━━━ Extracted information

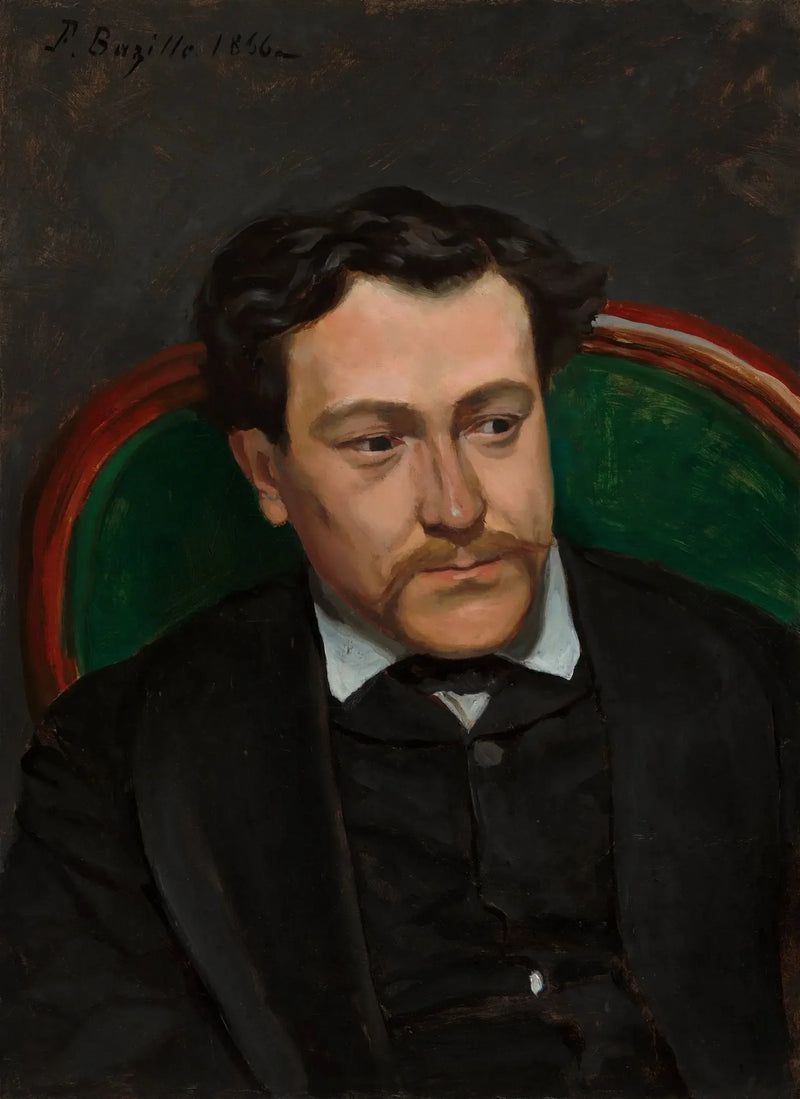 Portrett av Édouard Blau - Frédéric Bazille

━━━━━━
━━━ Extracted information

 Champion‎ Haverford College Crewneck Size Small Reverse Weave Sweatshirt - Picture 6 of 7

━━━━━━
━━━ Extracted information

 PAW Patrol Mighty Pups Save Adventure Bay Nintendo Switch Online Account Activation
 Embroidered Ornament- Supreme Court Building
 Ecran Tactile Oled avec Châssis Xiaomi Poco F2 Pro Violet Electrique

━━━━━━

## [What to do]
Where the line holding "Embroidered Ornament- Supreme Court Building" appears in the listing above, start reproducing exactly, and end with the line holding "Ecran Tactile Oled".

## [Task solution]
 Embroidered Ornament- Supreme Court Building
 Ecran Tactile Oled avec Châssis Xiaomi Poco F2 Pro Violet Electrique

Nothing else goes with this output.